Text scrolls up the screen: Lorne Michaels didn’t invent scrolling words on the screen to make an ironic point underlining or contradicting the spoken lines of the performers. Why isn’t anybody calling him an imitator? It was not only very funny, but nervy, a perfect start for a show whose young adult comedy genre requires at least the illusion of a little sassy bravery in the face of the powerful, and by 1980 that’s what SNL had become.
41 years ago, hard to believe. On screen, it sure doesn’t look it. Much of the young studio audience looked and dressed in ways that wouldn’t get a second glance today. They laughed at roughly the same sort of jokes that they’d be laughing at today: politicians are hypocritical vain bumpkins, copious references to pot, silly sexual double-entendres.
The rest of that first episode of Fridays varied in quality, of course. How could it not? A running gag about a talkative woman who shouts to you on an escalator wasn’t disturbing, but it wasn’t all that funny. Ditto a couple of seemingly abstract Samuel Beckett routines filtered through Monty Python. A stupid bar routine with two guys was terrible, but it must be said that very early SNL routines weren’t always in the groove either. Their own version of Weekend Update was, in truth, a version of a pre-SNL format probably first seen on US television in the American remake of That Was The Week That Was (1964-65). Melanie Chartoff was cool and authoritative as the news anchor.
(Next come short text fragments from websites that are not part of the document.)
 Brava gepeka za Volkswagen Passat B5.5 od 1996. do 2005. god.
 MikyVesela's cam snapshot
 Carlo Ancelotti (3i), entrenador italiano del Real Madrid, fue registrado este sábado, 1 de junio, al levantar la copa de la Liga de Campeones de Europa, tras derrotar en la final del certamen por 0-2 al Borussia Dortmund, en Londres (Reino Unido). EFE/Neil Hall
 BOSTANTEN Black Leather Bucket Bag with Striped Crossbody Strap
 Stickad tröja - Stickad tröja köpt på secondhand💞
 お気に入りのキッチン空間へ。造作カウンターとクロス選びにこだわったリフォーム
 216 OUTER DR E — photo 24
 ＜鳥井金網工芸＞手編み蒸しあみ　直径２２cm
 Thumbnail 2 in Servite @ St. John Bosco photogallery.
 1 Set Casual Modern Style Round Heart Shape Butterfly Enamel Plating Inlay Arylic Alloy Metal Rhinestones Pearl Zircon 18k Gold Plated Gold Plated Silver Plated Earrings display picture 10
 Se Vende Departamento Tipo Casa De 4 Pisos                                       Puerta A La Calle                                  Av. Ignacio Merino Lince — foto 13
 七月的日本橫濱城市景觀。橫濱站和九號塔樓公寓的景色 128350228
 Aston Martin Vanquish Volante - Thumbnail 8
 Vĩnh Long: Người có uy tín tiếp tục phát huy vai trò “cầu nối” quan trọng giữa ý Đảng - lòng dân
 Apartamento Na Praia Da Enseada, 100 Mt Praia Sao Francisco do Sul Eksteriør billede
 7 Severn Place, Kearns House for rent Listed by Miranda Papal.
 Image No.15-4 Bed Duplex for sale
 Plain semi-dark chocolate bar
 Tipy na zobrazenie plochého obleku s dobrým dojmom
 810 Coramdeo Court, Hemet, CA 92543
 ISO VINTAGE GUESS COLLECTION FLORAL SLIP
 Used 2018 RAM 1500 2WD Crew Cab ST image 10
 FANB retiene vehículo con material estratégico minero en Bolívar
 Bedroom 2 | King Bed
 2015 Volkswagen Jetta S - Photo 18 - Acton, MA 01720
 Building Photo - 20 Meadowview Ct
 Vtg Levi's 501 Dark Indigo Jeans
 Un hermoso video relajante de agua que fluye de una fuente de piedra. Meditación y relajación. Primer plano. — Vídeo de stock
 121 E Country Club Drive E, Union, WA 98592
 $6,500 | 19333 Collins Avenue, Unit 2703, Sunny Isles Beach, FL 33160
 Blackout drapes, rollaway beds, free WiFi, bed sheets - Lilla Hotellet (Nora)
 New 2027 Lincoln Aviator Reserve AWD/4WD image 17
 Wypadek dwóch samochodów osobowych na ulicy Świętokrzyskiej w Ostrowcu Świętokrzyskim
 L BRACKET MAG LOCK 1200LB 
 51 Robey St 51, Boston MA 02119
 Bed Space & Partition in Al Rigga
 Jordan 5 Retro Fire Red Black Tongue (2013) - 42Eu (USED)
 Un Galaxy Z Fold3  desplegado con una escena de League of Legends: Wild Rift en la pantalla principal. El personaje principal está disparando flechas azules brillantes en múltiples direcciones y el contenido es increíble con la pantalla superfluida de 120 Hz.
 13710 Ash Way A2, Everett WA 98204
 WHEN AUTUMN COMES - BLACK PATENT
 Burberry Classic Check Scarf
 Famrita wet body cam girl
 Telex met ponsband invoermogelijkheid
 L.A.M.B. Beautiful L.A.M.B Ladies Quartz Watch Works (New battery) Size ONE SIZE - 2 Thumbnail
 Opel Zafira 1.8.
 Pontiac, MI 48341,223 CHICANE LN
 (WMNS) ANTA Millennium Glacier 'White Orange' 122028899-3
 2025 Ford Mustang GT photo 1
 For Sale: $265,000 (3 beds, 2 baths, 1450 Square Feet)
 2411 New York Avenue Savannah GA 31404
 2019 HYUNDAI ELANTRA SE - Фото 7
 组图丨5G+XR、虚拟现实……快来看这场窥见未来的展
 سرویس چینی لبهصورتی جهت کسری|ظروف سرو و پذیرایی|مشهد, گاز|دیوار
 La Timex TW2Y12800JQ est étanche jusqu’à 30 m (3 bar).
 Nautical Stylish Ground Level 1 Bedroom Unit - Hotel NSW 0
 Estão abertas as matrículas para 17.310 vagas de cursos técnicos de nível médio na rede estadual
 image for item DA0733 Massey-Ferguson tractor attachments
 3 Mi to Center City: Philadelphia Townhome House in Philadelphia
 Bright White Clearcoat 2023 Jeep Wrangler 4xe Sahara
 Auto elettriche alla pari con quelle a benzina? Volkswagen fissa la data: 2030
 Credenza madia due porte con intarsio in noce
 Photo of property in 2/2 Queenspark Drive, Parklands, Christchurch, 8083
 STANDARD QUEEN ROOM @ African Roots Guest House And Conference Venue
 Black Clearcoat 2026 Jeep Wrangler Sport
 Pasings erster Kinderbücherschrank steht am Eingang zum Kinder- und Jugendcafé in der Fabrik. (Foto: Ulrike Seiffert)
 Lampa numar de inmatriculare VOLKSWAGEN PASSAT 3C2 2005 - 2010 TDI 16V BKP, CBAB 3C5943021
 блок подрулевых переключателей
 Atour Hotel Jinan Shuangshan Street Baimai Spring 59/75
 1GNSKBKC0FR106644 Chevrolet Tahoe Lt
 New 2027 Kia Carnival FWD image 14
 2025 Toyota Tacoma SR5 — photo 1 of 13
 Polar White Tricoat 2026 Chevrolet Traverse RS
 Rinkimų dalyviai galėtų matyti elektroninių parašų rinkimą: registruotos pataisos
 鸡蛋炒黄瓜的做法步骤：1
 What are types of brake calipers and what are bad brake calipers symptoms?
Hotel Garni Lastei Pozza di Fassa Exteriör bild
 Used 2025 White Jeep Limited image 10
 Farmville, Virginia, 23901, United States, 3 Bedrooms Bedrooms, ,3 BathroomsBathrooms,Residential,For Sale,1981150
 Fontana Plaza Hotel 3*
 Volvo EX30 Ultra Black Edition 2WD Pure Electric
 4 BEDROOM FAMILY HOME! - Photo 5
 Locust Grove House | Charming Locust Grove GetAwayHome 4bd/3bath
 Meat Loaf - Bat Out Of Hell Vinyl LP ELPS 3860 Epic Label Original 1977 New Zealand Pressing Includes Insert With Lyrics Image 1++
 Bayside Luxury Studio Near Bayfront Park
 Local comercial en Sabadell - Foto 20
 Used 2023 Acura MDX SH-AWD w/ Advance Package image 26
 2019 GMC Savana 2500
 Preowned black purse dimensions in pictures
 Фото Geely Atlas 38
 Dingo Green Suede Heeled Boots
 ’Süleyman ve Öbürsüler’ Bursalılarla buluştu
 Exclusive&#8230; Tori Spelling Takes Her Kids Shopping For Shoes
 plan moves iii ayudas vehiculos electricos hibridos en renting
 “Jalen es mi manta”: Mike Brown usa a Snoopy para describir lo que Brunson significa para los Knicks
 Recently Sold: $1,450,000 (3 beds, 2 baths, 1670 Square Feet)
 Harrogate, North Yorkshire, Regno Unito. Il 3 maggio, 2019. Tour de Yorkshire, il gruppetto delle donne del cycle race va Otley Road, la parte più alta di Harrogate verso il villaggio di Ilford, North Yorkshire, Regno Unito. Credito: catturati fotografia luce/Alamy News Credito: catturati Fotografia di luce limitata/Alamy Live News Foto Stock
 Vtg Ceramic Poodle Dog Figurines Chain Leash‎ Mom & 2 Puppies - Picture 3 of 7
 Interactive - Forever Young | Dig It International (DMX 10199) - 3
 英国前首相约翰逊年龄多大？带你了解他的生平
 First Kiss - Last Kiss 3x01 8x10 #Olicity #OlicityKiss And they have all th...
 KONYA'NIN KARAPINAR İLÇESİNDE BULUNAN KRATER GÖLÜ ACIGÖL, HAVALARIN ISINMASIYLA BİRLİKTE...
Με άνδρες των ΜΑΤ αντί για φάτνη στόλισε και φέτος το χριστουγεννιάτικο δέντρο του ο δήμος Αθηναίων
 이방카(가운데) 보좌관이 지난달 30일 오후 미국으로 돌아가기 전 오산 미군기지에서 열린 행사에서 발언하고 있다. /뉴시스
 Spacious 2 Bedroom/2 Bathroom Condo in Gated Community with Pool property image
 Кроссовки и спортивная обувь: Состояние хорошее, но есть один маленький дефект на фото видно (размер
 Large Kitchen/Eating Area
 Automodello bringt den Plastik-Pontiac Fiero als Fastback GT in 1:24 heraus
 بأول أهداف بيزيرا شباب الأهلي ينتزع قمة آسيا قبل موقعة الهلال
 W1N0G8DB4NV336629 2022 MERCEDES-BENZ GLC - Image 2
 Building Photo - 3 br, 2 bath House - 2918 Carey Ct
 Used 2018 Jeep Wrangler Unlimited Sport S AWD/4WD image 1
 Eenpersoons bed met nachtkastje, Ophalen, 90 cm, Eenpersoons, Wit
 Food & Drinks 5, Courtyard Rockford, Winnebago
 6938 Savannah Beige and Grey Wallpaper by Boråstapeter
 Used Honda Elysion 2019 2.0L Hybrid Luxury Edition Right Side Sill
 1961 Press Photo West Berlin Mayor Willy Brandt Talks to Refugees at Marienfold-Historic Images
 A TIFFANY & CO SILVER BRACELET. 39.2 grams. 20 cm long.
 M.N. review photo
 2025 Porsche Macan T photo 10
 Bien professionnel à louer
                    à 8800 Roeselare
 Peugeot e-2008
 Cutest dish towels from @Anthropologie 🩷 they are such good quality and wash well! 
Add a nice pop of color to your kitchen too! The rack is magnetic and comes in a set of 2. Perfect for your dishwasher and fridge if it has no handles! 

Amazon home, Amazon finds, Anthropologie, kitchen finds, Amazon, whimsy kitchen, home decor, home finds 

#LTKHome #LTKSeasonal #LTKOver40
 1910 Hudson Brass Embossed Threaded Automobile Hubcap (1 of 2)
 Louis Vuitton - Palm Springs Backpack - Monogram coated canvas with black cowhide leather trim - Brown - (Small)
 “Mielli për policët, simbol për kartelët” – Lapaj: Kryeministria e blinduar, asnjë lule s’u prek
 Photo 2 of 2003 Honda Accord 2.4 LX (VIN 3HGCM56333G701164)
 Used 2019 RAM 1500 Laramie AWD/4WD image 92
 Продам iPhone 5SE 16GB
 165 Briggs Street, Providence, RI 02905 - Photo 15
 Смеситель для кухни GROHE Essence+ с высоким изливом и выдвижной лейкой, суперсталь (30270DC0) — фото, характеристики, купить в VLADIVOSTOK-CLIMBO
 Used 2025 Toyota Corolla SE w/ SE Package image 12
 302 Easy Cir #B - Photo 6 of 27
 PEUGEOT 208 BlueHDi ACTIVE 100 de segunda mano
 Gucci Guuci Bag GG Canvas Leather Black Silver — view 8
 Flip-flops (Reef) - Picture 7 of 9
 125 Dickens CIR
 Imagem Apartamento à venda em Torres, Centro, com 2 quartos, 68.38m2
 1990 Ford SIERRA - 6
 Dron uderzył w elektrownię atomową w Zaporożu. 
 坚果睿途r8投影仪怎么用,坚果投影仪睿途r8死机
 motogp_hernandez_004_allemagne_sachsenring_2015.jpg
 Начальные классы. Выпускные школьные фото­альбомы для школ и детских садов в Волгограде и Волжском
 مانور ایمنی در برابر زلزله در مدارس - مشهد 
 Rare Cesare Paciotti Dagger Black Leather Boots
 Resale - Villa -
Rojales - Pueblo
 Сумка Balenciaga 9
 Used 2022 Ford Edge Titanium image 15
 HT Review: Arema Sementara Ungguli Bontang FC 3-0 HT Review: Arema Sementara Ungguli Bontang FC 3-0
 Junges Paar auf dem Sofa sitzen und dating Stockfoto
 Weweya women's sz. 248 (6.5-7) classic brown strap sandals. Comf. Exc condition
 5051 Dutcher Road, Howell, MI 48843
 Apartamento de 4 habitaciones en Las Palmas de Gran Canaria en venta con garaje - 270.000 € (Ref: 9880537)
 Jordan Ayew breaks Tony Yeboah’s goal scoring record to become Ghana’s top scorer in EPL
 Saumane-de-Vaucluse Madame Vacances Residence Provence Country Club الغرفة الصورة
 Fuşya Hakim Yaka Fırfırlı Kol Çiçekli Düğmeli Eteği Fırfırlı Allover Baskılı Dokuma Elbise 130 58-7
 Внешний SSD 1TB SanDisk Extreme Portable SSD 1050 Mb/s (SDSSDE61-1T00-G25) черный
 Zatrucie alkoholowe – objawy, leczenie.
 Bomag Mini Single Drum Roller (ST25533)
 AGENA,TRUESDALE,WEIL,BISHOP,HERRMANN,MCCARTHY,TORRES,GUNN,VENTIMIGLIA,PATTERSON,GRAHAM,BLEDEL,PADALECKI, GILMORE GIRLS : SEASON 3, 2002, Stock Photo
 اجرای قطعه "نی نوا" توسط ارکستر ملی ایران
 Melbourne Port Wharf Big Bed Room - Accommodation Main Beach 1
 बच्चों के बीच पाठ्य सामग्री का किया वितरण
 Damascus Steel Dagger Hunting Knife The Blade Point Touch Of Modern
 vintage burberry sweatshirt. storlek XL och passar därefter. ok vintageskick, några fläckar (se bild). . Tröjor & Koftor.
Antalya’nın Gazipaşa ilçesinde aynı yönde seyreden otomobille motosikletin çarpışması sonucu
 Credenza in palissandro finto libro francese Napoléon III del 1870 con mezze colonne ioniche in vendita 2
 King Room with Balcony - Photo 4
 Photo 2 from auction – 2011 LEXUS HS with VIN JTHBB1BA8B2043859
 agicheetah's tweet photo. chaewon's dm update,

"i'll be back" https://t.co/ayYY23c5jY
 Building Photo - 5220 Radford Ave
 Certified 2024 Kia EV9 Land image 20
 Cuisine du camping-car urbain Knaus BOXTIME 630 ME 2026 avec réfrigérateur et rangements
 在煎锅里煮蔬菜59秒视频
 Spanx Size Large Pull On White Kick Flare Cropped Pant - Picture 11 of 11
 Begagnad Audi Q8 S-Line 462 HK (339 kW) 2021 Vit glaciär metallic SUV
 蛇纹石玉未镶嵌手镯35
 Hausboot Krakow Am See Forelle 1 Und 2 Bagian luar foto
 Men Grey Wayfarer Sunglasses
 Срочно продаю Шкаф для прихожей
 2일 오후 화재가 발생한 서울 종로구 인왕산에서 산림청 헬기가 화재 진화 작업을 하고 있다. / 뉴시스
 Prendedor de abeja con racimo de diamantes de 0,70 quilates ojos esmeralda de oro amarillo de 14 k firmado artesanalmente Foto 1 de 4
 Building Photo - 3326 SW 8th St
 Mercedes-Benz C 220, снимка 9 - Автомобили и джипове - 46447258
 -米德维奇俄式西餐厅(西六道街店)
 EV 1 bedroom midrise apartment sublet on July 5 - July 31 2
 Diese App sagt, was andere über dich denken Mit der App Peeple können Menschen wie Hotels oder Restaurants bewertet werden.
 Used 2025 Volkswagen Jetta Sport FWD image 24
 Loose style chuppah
This brings up similarities and differences between the casts. Some of the similarities merely have to do with workable, common comedy archetypes that have delivered the laughs since the days when the original Caesar occupied the original palace. Others are narrowly based on the personalities of the specific cast members, who’d spent years honing their acts in front of live audiences.
Fridays’ Larry David, future multimillionaire, plays what amounts to The Jewish Guy every week, and Michael Richards plays The Tall Crazy Jewish Guy. They’d famously later work together in the Seinfeld era. They have no direct equivalent on SNL.
But Fridays’ Maryedith Burrell is a pretty close equivalent of Gilda Radner, someone whose range extends from zany to childlike without being cloying. Not the same recipe, not exactly the same flavor, but many of the same ingredients.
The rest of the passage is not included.